March 3, 2022
This substantial volume sets out to establish the case for recognition of a new field of law. The editors propose a concept of African Union (AU) law – by analogy with the established body of European Union (EU) law – and argue for the need for such a concept in order to create “a platform to examine legal developments in Africa from an Afrocentric perspective”.
There is of course existing literature that considers aspects of the themes treated in this book, but this literature is for the most part not conceptualised as belonging to a field of study called “AU law” (with the exception of some articles by the editors of this volume). By bringing together detailed analysis of legal problems addressed by AU treaties and institutions – ranging from commercial dispute resolution to gender equality and customary law, via intellectual property, the right to a nationality, and counter-terrorism measures – the editors have surely succeeded in their objective. This volume has established the baseline information on a wide range of transcontinental legal frameworks that will form the starting point for much future scholarship. This scholarship will doubtless refer to itself as being about AU law, and cite chapters from the book as starting points.

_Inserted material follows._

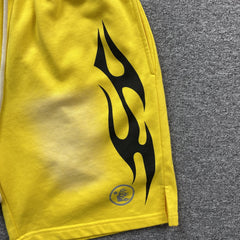 Hellstar Flame Shorts Yellow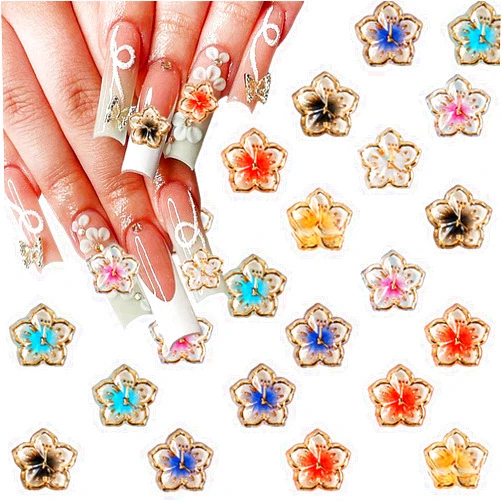 NEWSPIED 60Pcs Flower Nail Charms 3D Lovely Floral Art Charms Gold Edge Resin Jewelry for Acrylic Nails Spring Cherry Blossoms Petals Gems for Women Girls DIY Craft Decorations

The first task the editors set themselves is to define the idea of AU law. On the one hand, this is a simple statement: “the body of treaties, resolutions, decisions and declarations that have direct and indirect application to the member states of the African Union”. On the other, there are immediately blurred edges to this already wide definition, considering that the AU Constitutive Act does not itself (unlike the treaty establishing the EU) establish the definition and relative authority of legal acts adopted by its different institutions. Many of the authors go beyond strictly AU law to discuss legal frameworks of the regional economic communities (RECs) that group AU member states in other configurations, in order to show how they are often more important in creating the momentum for change at national level. Arguably, the proposed definition also encompasses United Nations law that has application to AU member states; an understanding supported by the fact that the jurisdiction of the African Court on Human and Peoples’ Rights reaches not only to international human rights treaties ratified by AU member states but to “any question of international law” (Article 28 of the court’s statute). However, the general brief is clear: the establishment of a critical body of knowledge about the institutions, treaties and decisions adopted within the framework of the AU, broadly understood.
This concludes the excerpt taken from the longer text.